Started it up and at first it was not reading any pressure.

Not a big surprise as the hydraulics were empty.

Gave it a minute then tried the steering wheel, steering good.
Tried the loader, working well and the high resistance was gone.

Tried the 3-point and it lifted like it should.

Looked down at the gauge and guess what 170 psi.

Got on tractor and put it in gear, at first a little sluggish but starting to move in reverse.
Operated the reverser back and forth a few times and now it's moving forward and back.

Backed out of the shop for a quick test and could tell right away the clutch control needed as adjustment as it was grinding when trying to shift ranges.

Set up the clutch control and went for another test.
Everything working as it should with the exception of the speed of engagement when either releasing the clutch pedal or changing from reverse to forward motion.

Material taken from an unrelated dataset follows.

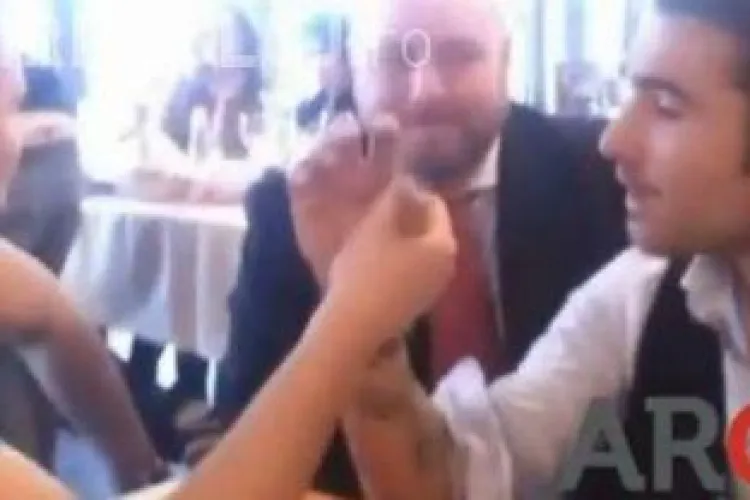 Clujeanul Adrian Marțian și Adrian Mutu la o partidă de skandenberg, după un pahar - VIDEO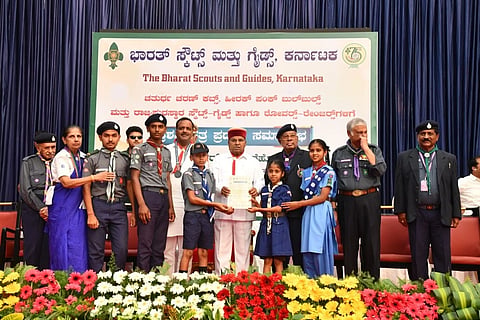ಬೆಂಗಳೂರಿನ ರಾಜಭವನದ ಗಾಜಿನ ಮನೆಯಲ್ಲಿ ಆಯೋಜಿಸಿದ್ದ ಸಮಾರಂಭದಲ್ಲಿ ಹೂವಿನಹಡಗಲಿ ತಾಲೂಕಿನ ಹಿರೇಕೊಳಚಿ ಗ್ರಾಮದ ಎಸ್‌ಎಸ್‌ಬಿಎಚ್ ಸರ್ಕಾರಿ ಪ್ರೌಢಶಾಲಾ ವಿದ್ಯಾರ್ಥಿಗಳಿಗೆ ರಾಜ್ಯಪಾಲ ಥಾವರ್‌ಚಂದ್ ಗೆಹಲೋತ್ ಪ್ರಶಸ್ತಿ ಪ್ರದಾನ ಮಾಡಿದರು. ಸ್ಪೀಕರ್ ಯು.ಟಿ.ಖಾದರ್, ಭಾರತ ಸ್ಕೌಟ್ಸ್ ಮತ್ತು ಗೈಡ್ಸ್ ಸಂಸ್ಥೆ ರಾಜ್ಯ ಮುಖ್ಯ ಆಯುಕ್ತ ಪಿ.ಜಿ.ಆರ್.ಸಿಂಧ್ಯಾ, ಶಿಕ್ಷಕ ಬನ್ನೆಪ್ಪ ಇತರರಿದ್ದರು.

With tractor idling in park reverser pressure comes up instantly when moving reverser control from forward to reverse.
When control is moved from reverse to forward it seems to have a 1/2 to 1 second lag time before full pressure is reached on gauge.

Guess I will see how it is once fully warmed up but given that it was previously (many years) a little slow going into forward when cold I can live with that for now.

Thanks to everybody for the input.

About the only thing I can think of that even might have been the problem was the valve in the reverser pressure control, it had several light lengthwise scratches that I polished out when it was apart.